## Data provided
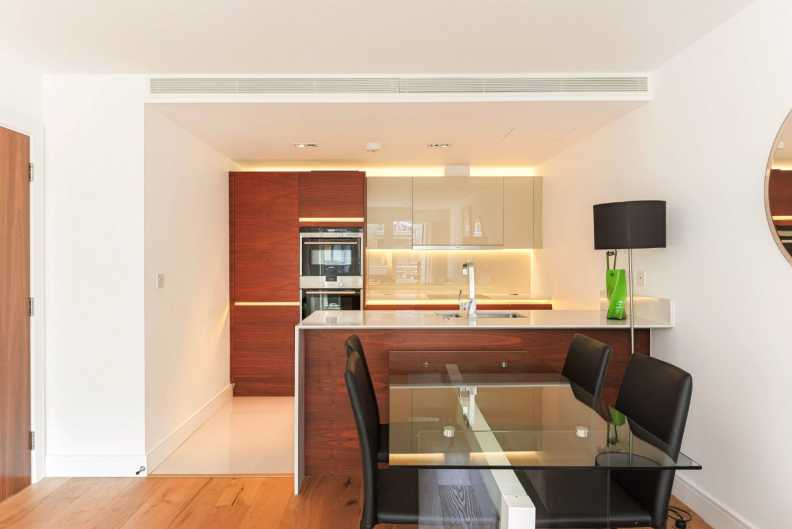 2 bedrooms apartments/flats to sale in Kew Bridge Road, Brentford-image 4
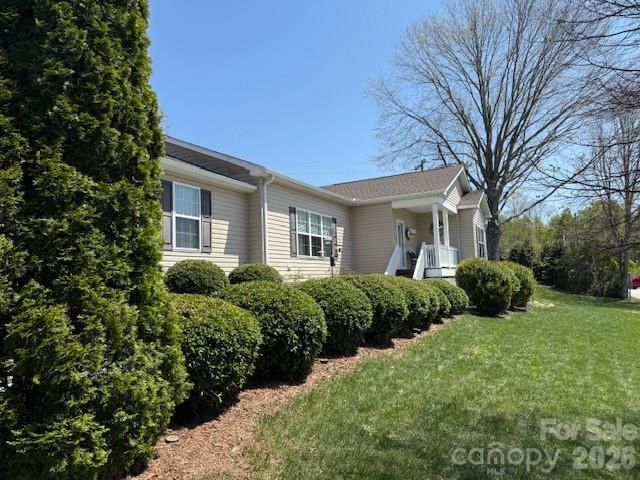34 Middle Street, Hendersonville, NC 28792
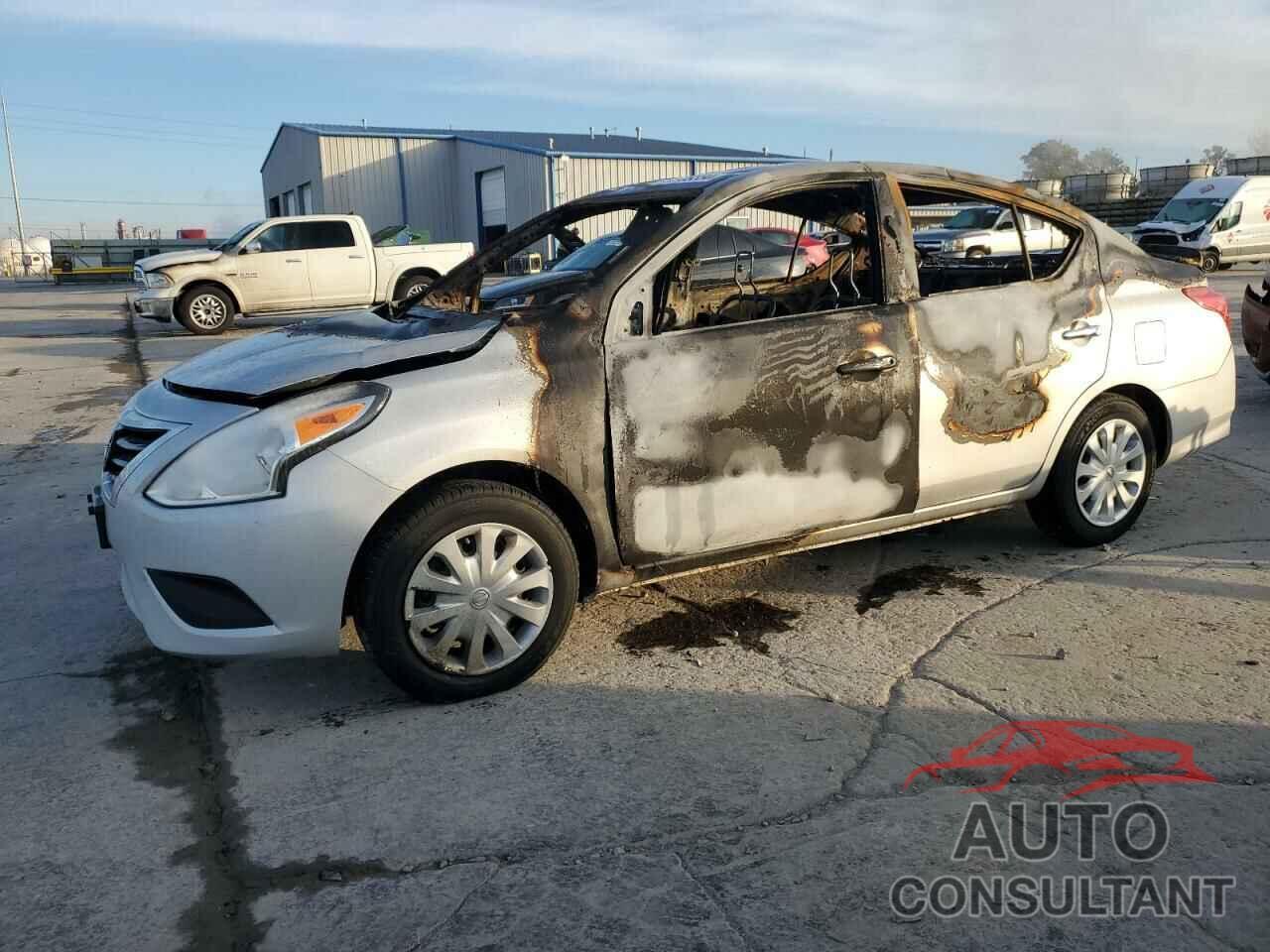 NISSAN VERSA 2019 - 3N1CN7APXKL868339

...

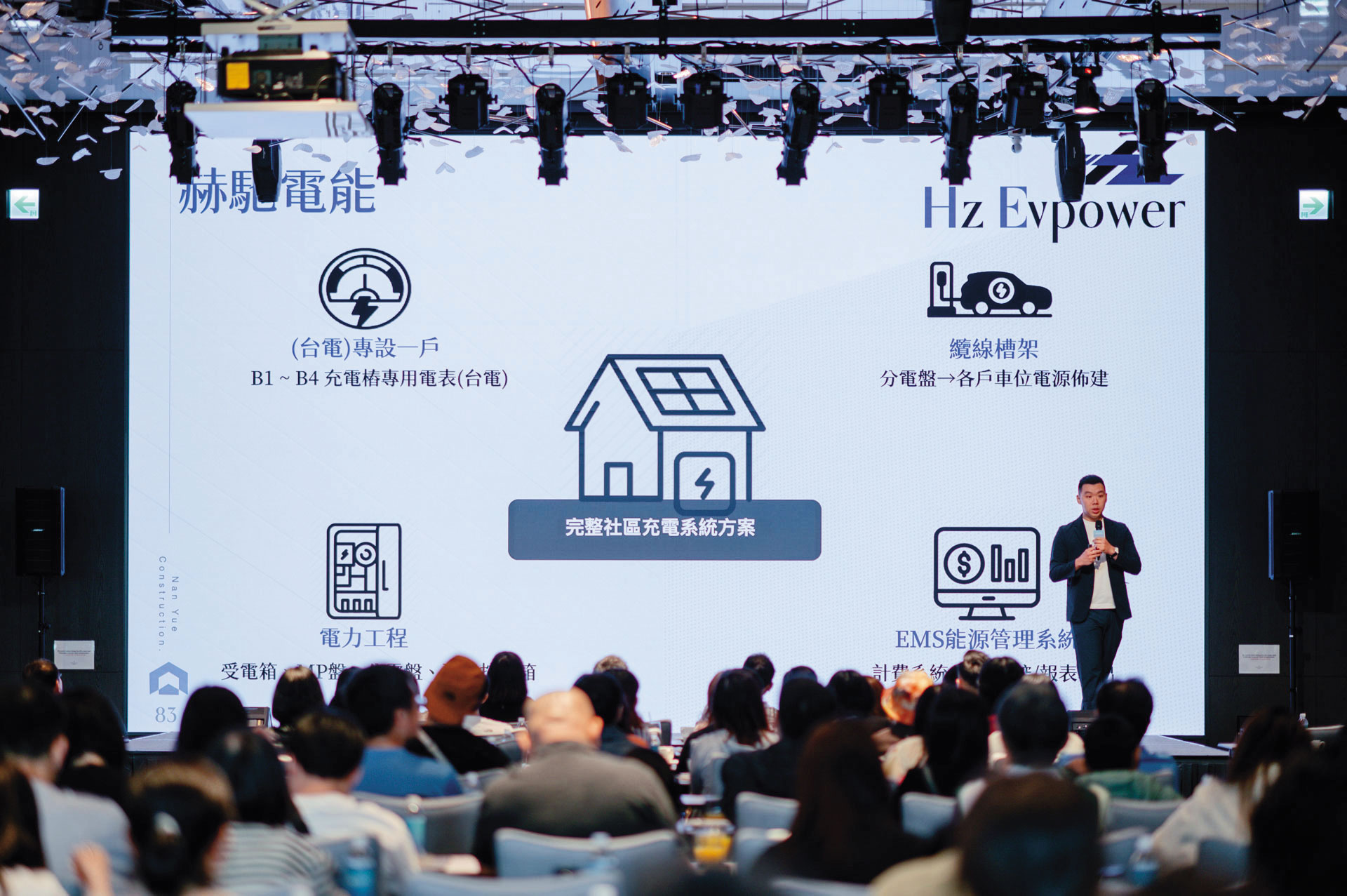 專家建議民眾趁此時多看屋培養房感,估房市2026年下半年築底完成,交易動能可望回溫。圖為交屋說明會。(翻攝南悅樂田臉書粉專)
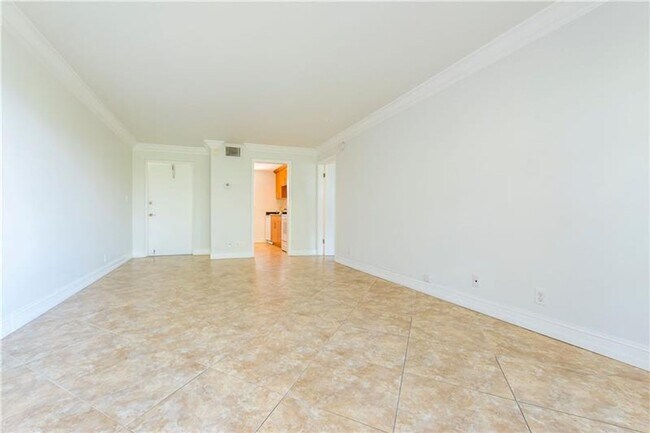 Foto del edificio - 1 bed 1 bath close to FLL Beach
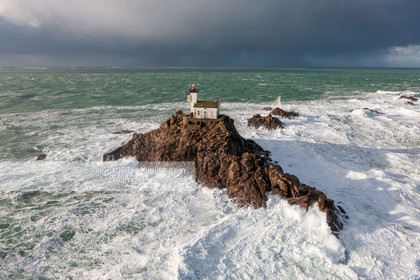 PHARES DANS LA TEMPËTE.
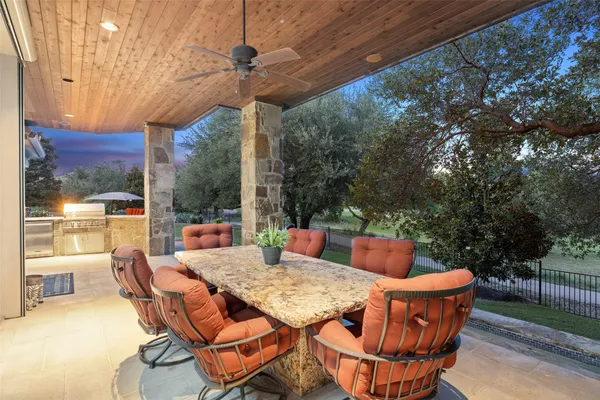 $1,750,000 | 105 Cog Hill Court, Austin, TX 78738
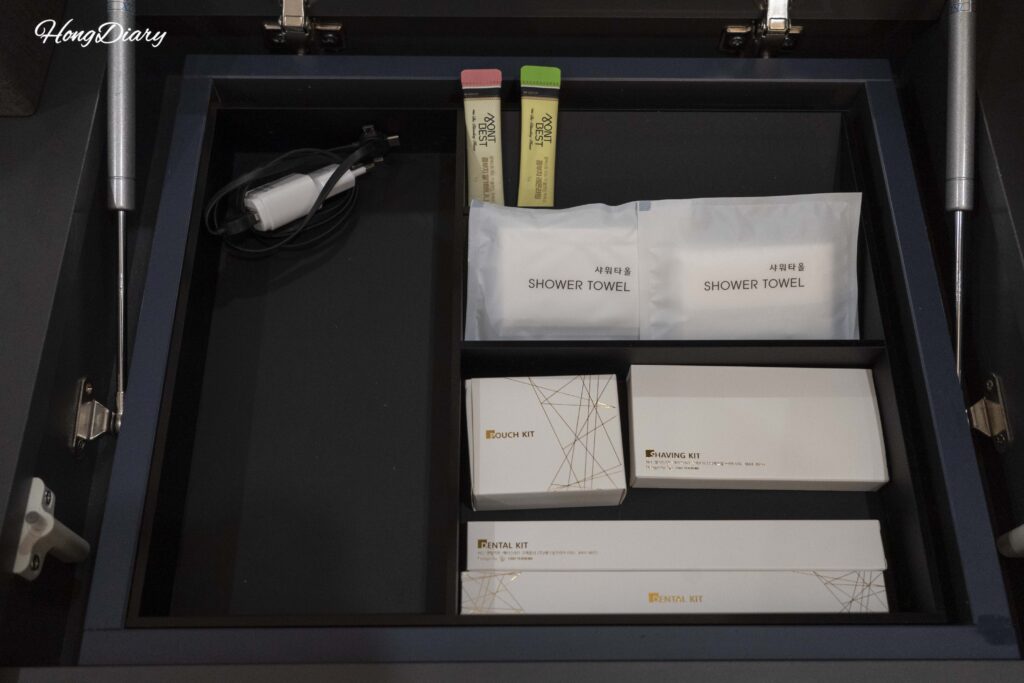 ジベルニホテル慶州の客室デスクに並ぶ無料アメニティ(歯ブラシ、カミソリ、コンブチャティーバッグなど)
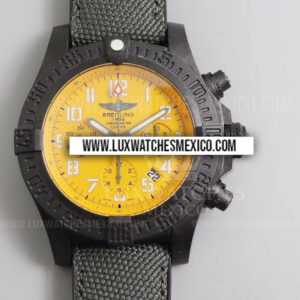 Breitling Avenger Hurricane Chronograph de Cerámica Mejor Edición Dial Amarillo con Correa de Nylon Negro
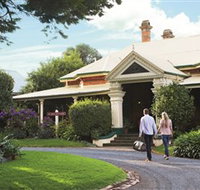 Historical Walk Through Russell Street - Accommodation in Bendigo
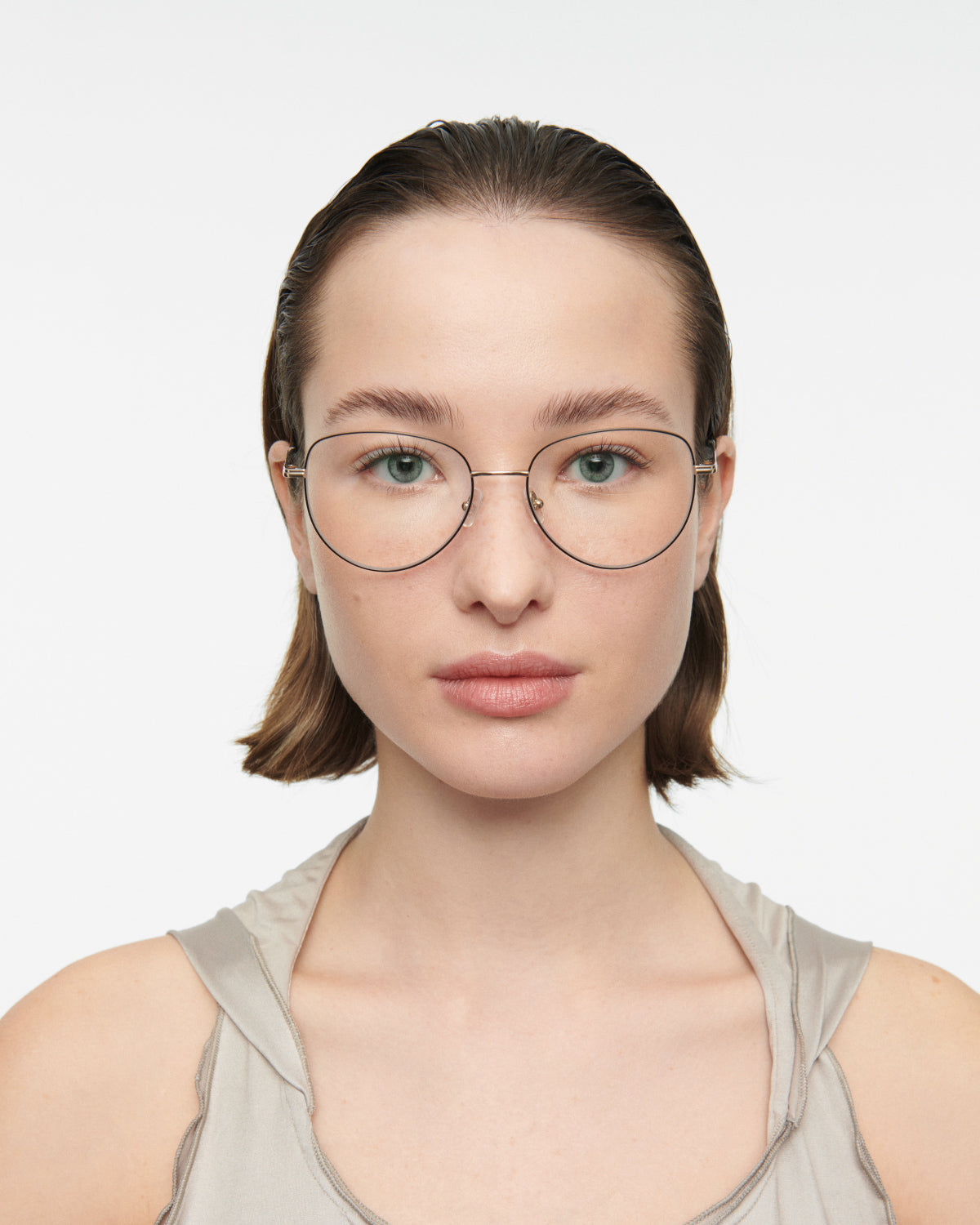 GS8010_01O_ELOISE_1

...

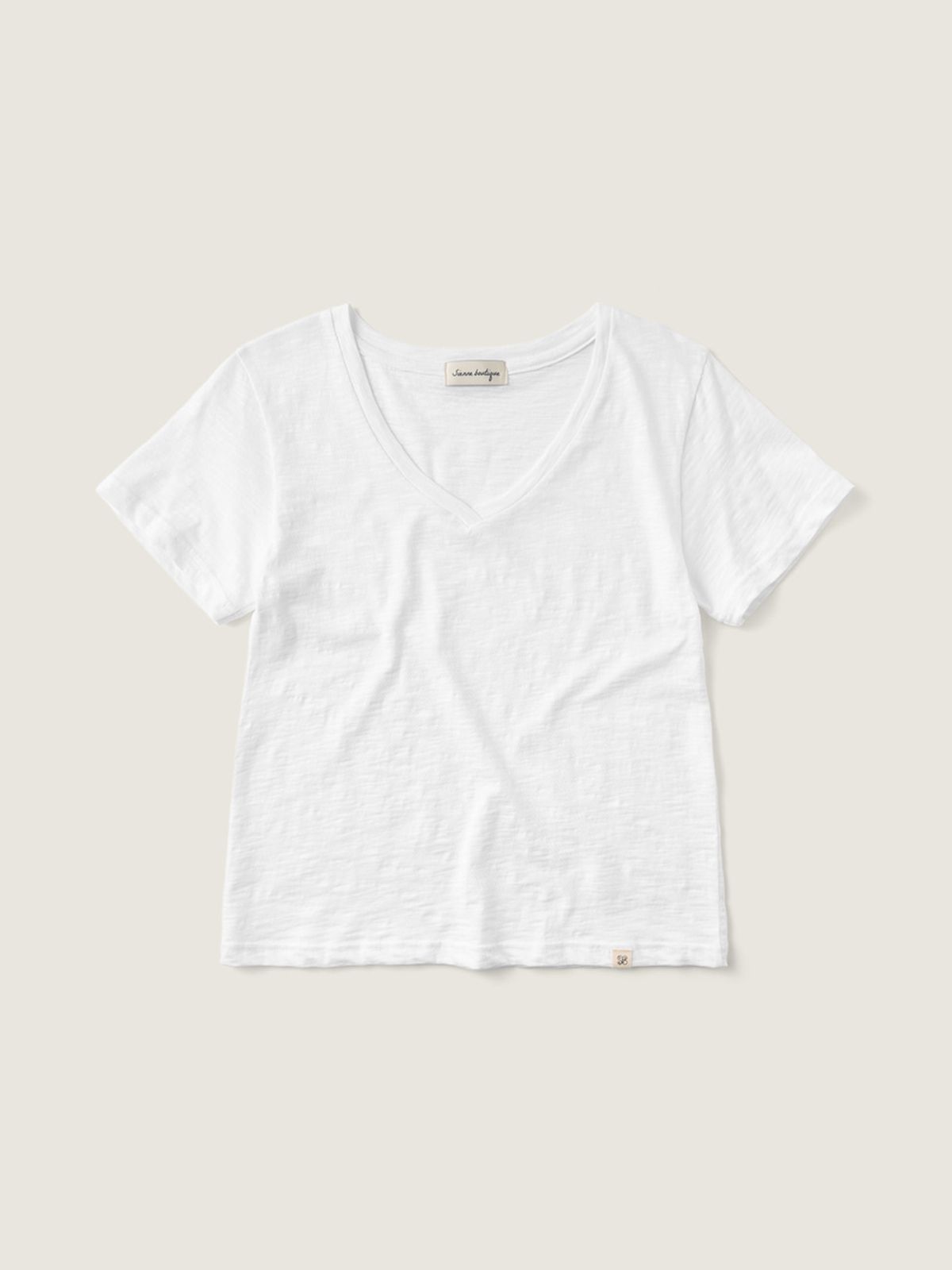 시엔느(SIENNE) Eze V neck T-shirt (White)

## What to do
Write out exactly the run of lines above that starts at the line containing "Historical Walk Through" and ends at the line containing "GS8010_01O_ELOISE_1". Include both, and leave the pictures out.

## Answer to the exercise
 Historical Walk Through Russell Street - Accommodation in Bendigo
 GS8010_01O_ELOISE_1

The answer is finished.